This past June the Supreme Court overturned mandatory life sentences without the possibility of parole for minors on the grounds that it constituted “cruel and unusual punishment” under the 8th amendment. This comes on the heels of similar humanitarian rulings, such as getting rid of the death penalty for the mentally disabled and persons who commit their offense when under the age of eighteen. The Supreme Court did leave the final power with the judge who may use a life without parole sentence if they see fit, still giving state courts an “out” in the treatment of minors as adults to the dismay of many human rights groups.
The human brain does not stop in it’s development until the age of twenty-three- according to neurologists. It also re-organizes itself during vital years like the teen years. Re-organization plus a rush of hormones can make these years quite dramatic – and full of poor judgment, as anyone who has ever lived with a teenager knows. If you couple this with the fact that the brain will fail to develop at this peak time unless it is properly stimulated and guided, you have a cocktail for disaster for those living without the privilege of a safe home life or education.
Recent studies tell us that 70% of all juvenile offenders have reported something “bad or terrifying” happening to them in their lives, mainly witnessing the death or serious bodily harm of a loved one. The majority of these children are born addicted to drugs and alcohol, suffer physical., mental and sexual abuse from their caretakers and many have learning disabilities.
Cases involving juveniles sentenced to life run the gamut of violence: from Dominic C., who at the age of fourteen lured another fourteen year old to his Florida condo and beat him to death with fifty blows from a baseball bat for stealing marijuana – to Mike S. who sat in a van at the age of fourteen while his older brother and friends robbed and murdered a store owner.
While the ruling appears to be a step in the right direction as far as human rights watchers are concerned, an old problem remains at large: The rehabilitation of children with dangerous and violent pasts. Many children are housed right along with adults, and subjected to all kinds of violence including torture and rape. One young man, incarcerated to life behind bars at the age of fourteen, was forced by the adult inmates who used him for sex to have their names tattooed on his body to show their “ownership” of him. He was also targeted by guards for beatings due to his low standing in the prison “flow chart”. Another young offender tells the story of how at the age of fifteen, he was brought by guards to a cell with three adult inmates, given a drink (presumably with a narcotic in it) and then forcibly raped. Juvenile facilities (which tend to be overcrowded) fare no better, with high incidents of violence and substance abuse. They also tend to serve as a training ground for more violent and calculated crime upon the offenders release. They are severely lacking in education, with only 46% of juvenile offenders attending classes. Criminologists have reported that incarcerating young people actually slows down the maturation process and have found that those who spend time in a correctional facility are more likely to re-offend and offenders who are not incarcerated but are given mandatory therapy or work with drug and alcohol counselors are less likely to re-offend and “age out” of their criminal behavior.
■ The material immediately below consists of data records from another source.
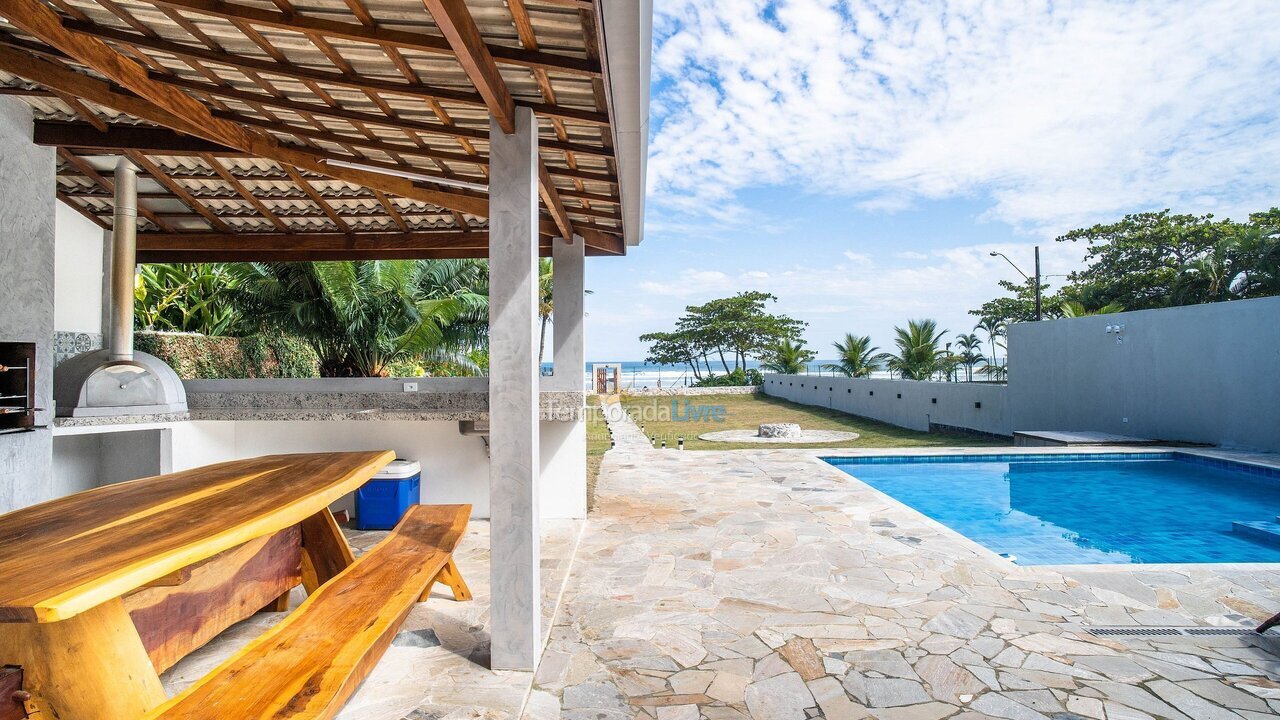 Casa para aluguel de temporada em São Sebastião (Praia da Boracéia)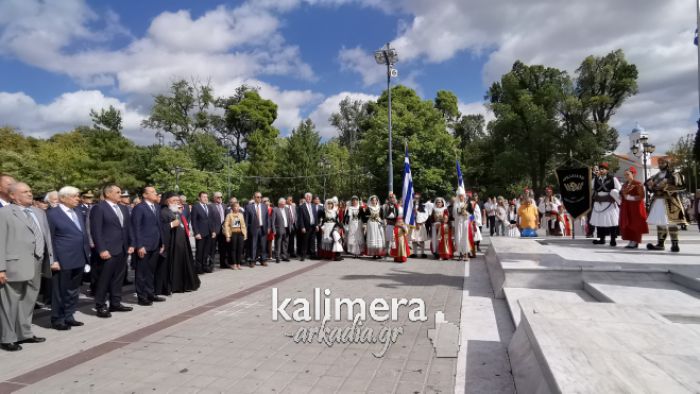 Η ανάκρουση του Εθνικού Ύμνου μπροστά από τον επιβλητικό Ανδριάντα του Θεόδωρου Κολοκοτρώνη (vd)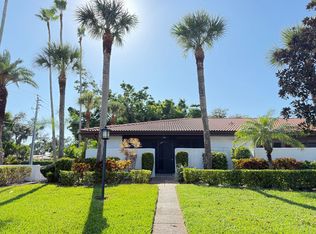 3500 El Conquistador Pkwy APT 301, Bradenton, FL 34210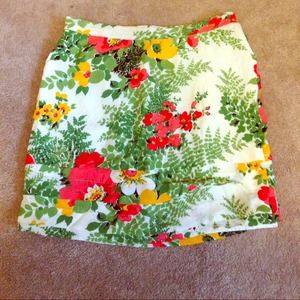 Beautiful & bright floral mini skirt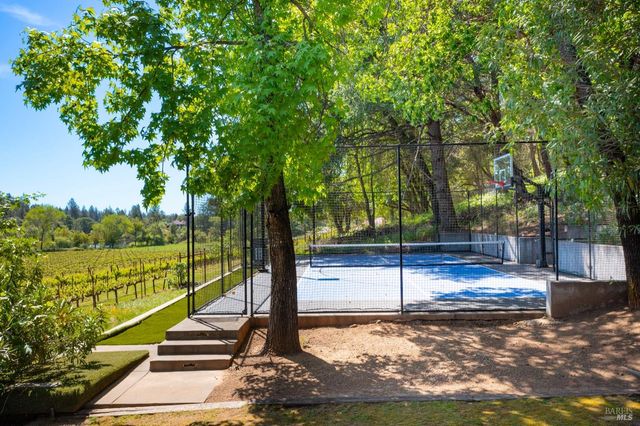 1275 Summit Lake Dr, Angwin, CA 94508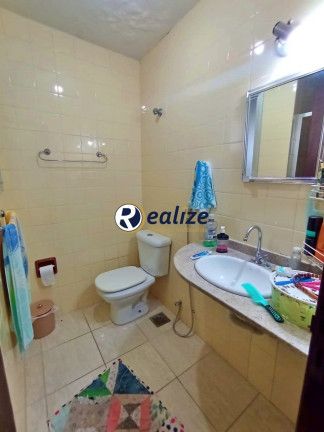 Imagem Imóvel com 2 Quartos à Venda, 100 m² em Centro - Guarapari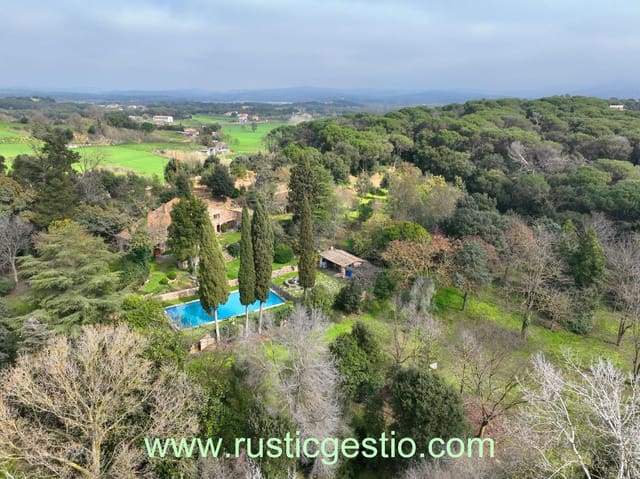 5 soveværelse Finca/Landehus til salg i Tordera med swimmingpool - € 608.000 (Ref: 9685654)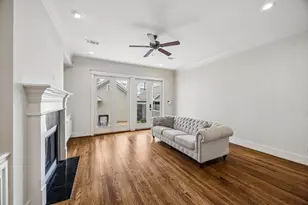227 W 24th St, Houston, TX 77008 - Photo 25
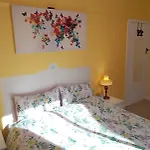 East Geelong - 2 Bedrooms - Mimosa Cottage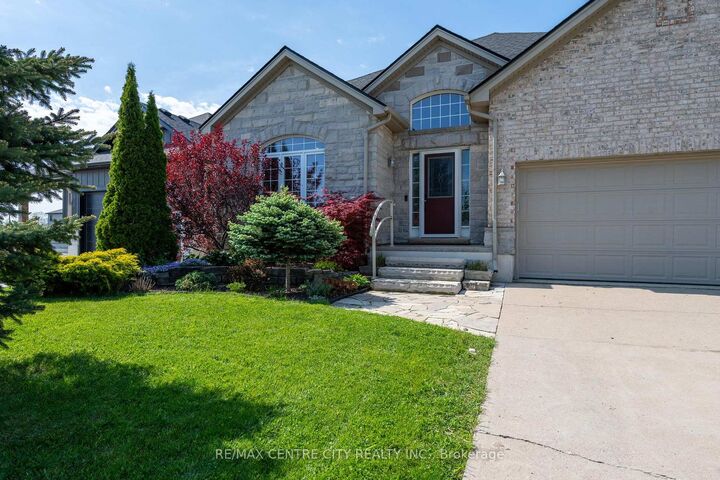 Property Photo: 19 Hamilton Street ON N0M 1A0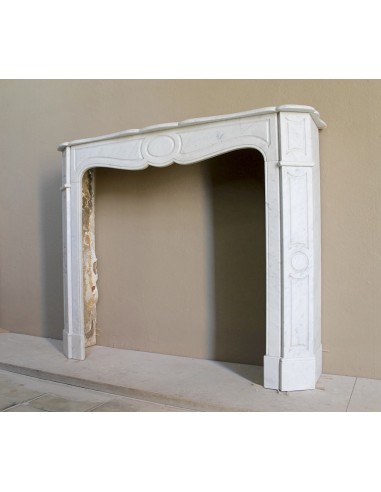 Caminetto antico in marmo Bianco Carrara detto "Pompadour Plat", dalle linee barocche, leggere, intramontabili.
Of course, there are states who are trying to fight this new ruling, most notably Wyoming – where three teenage boys (ranging in ages 15-18) were sentenced to life without the possibility of parole for a home invasion where the fifteen year old shot a man to death. There is no doubt that courts across the United States recognize the fact that children cannot be held accountable the same way that adults can. But the question remains open as to a solution. Simply loosening the mandatory sentences of life without parole is not even a drop in the ocean of the vast and epic fails of a pubic system gone haywire when it comes to the rehabilitation of young offenders. If anyone taught us that it’s Lionel Tate, who at the age of twelve violently killed a six year old girl his mother was babysitting. Claiming he was doing “wrestling moves” on her the girl wound up dead, with a fractured skull and ruptured spleen. Tate was charged as an adult and sentenced to life (which even shocked the prosecution). With an IQ of 90, and a baby face, Tate garnered a lot of sympathy from the public and courts- his case was overturned and he was released. He consequently violated his parole multiple times (once for carrying a knife) and finally at the ripe old age of eighteen was arrested for holding up a delivery man at gunpoint.
One of the most notorious cases of teen killers is the case of Charles Starkweather (eighteen) and his girlfriend Caril Ann Fugate (fourteen) who murdered eleven people on a spree that lasted two months. Starkweather was sentenced to die (and did via electric chair after seventeen months in prison) while his girlfriend served seventeen years, was released, worked as a medical assistant and married in 2007. She hasn’t had so much as a parking ticket.
There are victims to think about. The crimes that lead to a mandatory sentence are usually unspeakably violent – involving the brutal rape and murder of innocent people. How is justice served if the punishment does not fit the crime? Who wants to live next to someone who raped and murdered a seven year old, or who beat someone to death with a baseball bat?
The Supreme Court ruling will no doubt be the source of many an appeal across the country but the greater issue has yet to be tackled, rehabilitation.